NOEMÍ GARCÍA MARÍN/PEDAGOGA Y ORIENTADORA ESCOLAR

Cuando hablamos de las dificultades del niño/a TDAH/TDA (Trastorno por déficit de atención con o sin hiperactividad), solemos pensar principalmente en la falta de atención o interés  por el ámbito académico. Por supuesto, son muchas más las características que definen al niño/a TDAH, relacionadas en gran medida, con un déficit en sus funciones ejecutivas: dificultades para la organización y planificación, autocontrol y autorregulación o el manejo de la atención y las dificultades conductuales, entre otras.  Para atender correctamente a sus necesidades es fundamental un diagnóstico completo, siguiendo una serie de criterios con la finalidad de una evaluación correcta.

ImaginiaEn primer lugar, se debe partir de un examen médico que descarte problemas de tipo visuales, auditivos u otros.
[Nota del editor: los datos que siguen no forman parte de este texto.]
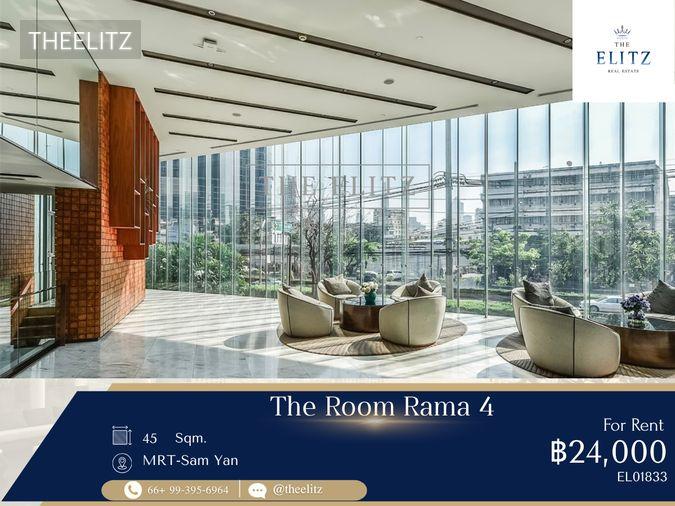 รูป ✨Unbeatable Deal! Lowest Rental Price @ Premium Condo Near MRT Sam Yan & Chula✨ - รูปที่ 1/7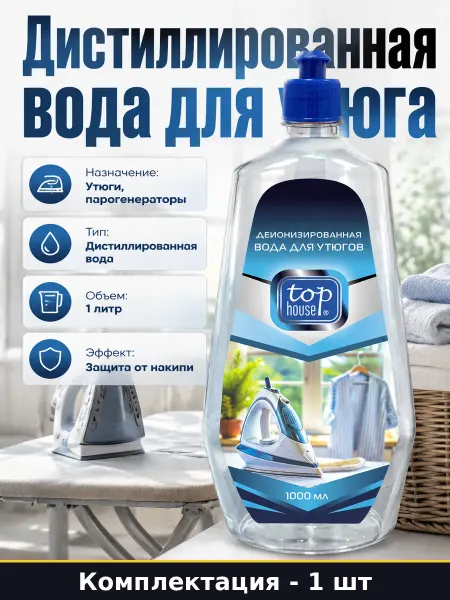 Средство для утюга и парогенератора дистиллированная вода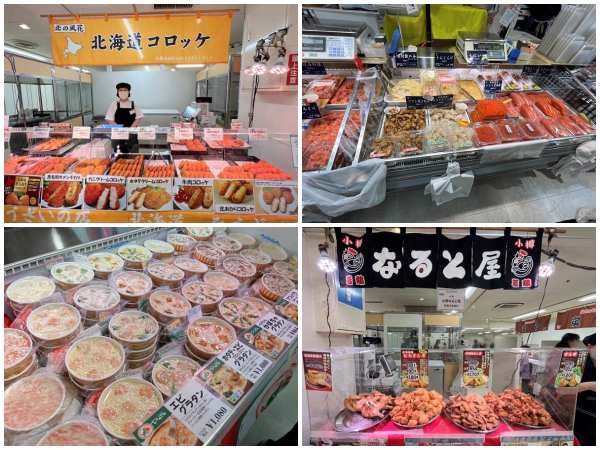 広島市中区 そごう広島で北海道の物産と観光展が2023年10月11日から開催！号外NET 広島市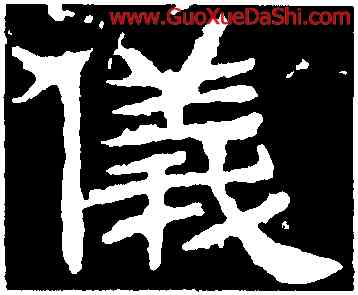 儀,辟雍碑,書法字典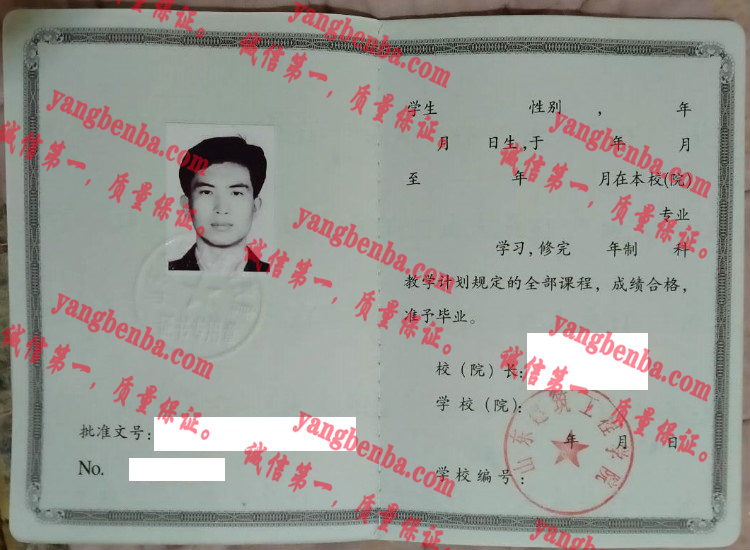 山东建筑工程学院毕业证样本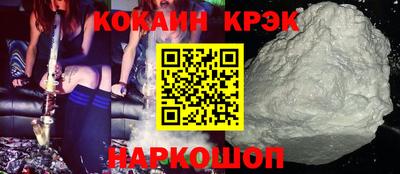 герыч Нягань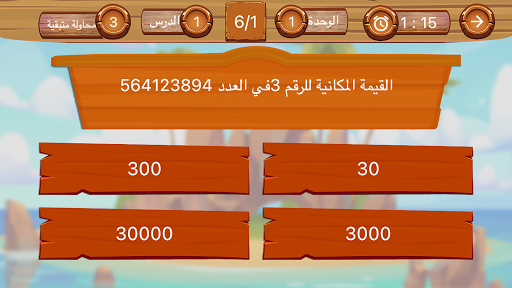 خذ الكتاب Screen 3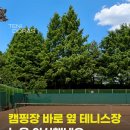 구리시립테니스장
Más tarde, se deberá realizar una valoración psicopedagógica en la que se valoren aspectos de tipo emocional, conductual y cognitivo. Esta evaluación incluye el ámbito familiar y social (para valorar posibles conflictos , calidad de vida familiar y comportamiento). Y por último, pero no menos importante,  la evaluación escolar, que evalúe aspectos de tipo académico y conductual dentro del contexto educativo.
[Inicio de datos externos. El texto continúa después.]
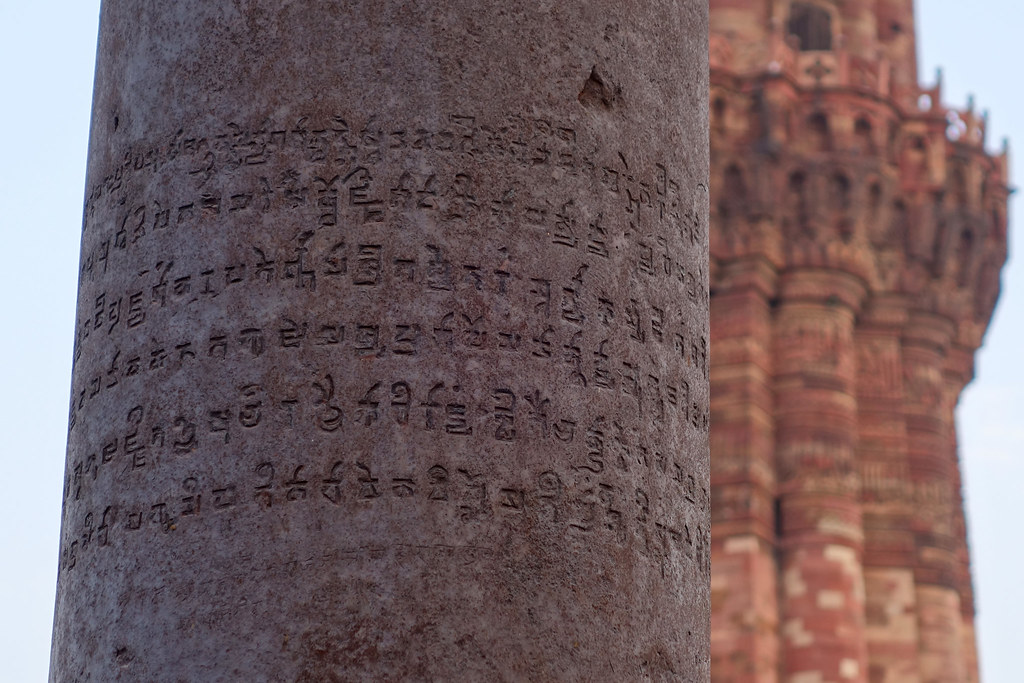 An example of Brahmi script found on The Iron Pillar in Qutub Minar, New Delhi, source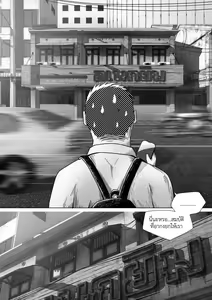Page 6 of MGP REP01 - preview thumbnail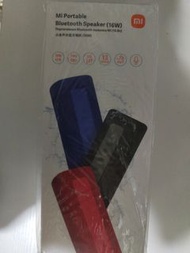 小米戶外藍牙喇叭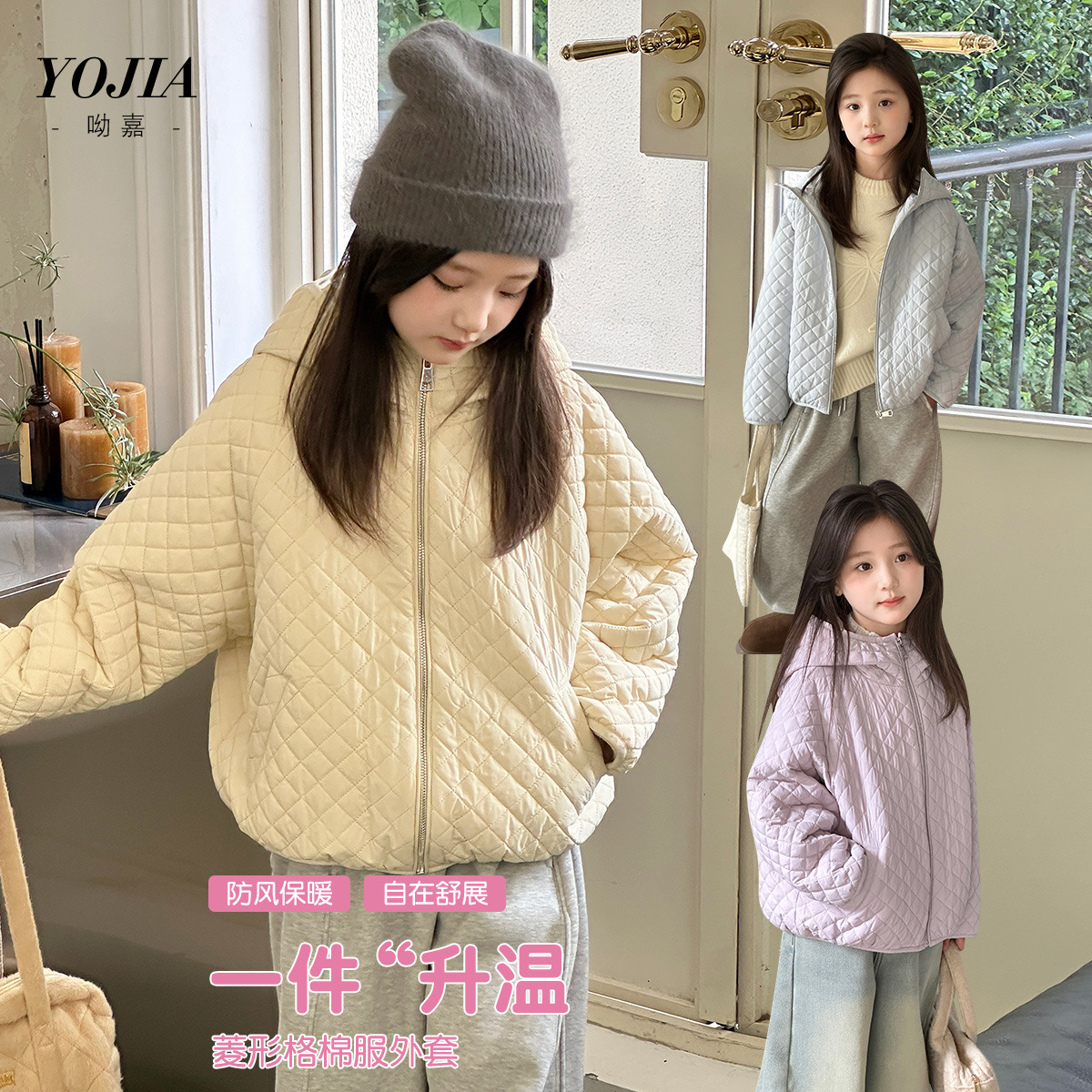 yojia童装女童棉服冬季2025新款洋气连帽棉衣儿童冬装外套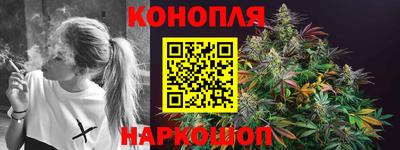 бутик Кулебаки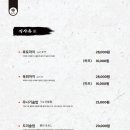 모미지 - 시흥시 서울대학로264번길 35 | 모미지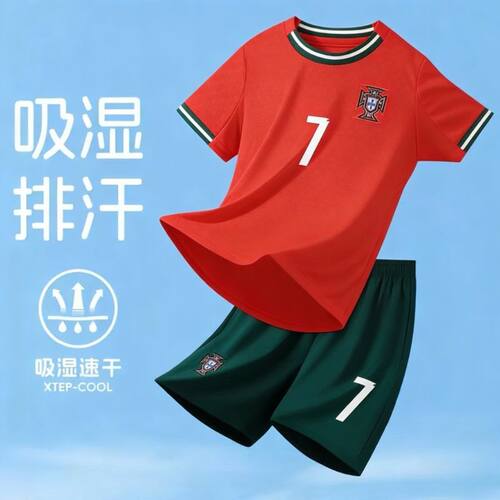 26世界杯儿童足球服套装男童C罗球衣儿童亚马尔梅西球衣小学生女
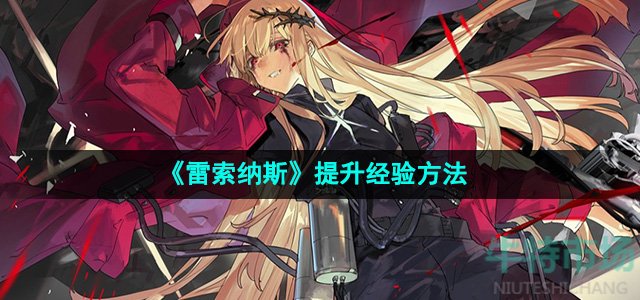《雷索纳斯》提升经验方法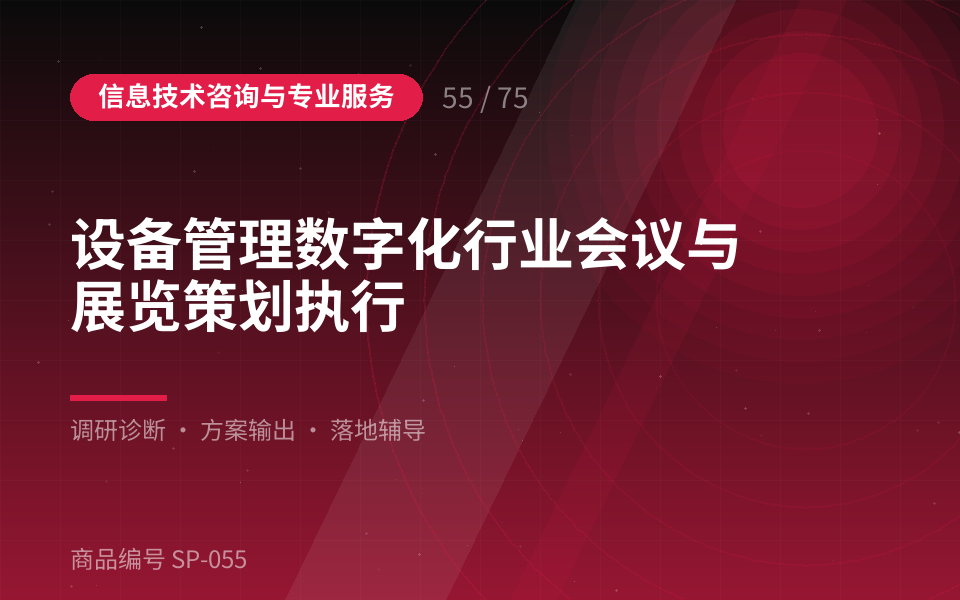 设备管理数字化行业会议与展览策划执行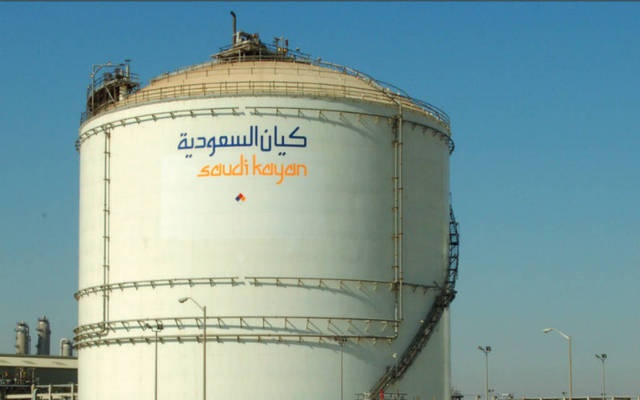 "الطاقة" توافق لـ"كيان السعودية" طلبها زيادة تخصيص غاز الإيثان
Esta valoración se basará en los criterios diagnósticos del DSM-V o del CIE-10. Para que el niño/a sea diagnosticado deberá presentar la gran mayoría de estos síntomas: inatención y falta de escucha atenta en las tareas escolares, recreativas o de casa.  Además, la dificultad para organizar tareas secuenciales y actividades, para poner los materiales y pertenencias en orden; descuido y desorganización en el trabajo; mala gestión del tiempo; incumplimiento de plazos, desinterés en tareas que requiera un esfuerzo mental sostenido, pérdida de objetos, distracción excesiva con estímulos externos, olvido de actividades cotidianas…  Así mismo, se valorarán los síntomas de hiperactividad que afectan a las actividades sociales y académicas, como juguetear cuando está sentado, levantarse en situaciones que requieren quietud, corretear y trepar, incapacidad de jugar y realizar actividades recreativas tranquilamente, movimiento constante o hablar excesivamente. Por último,  la impulsividadal responder preguntas, esperar su turno, interrumpir conversaciones, juegos y actividades o adelantarse a lo que hacen otros. Es importante saber que estos síntomas deberán estar presentes en dos o más contextos (familiar, académico y social).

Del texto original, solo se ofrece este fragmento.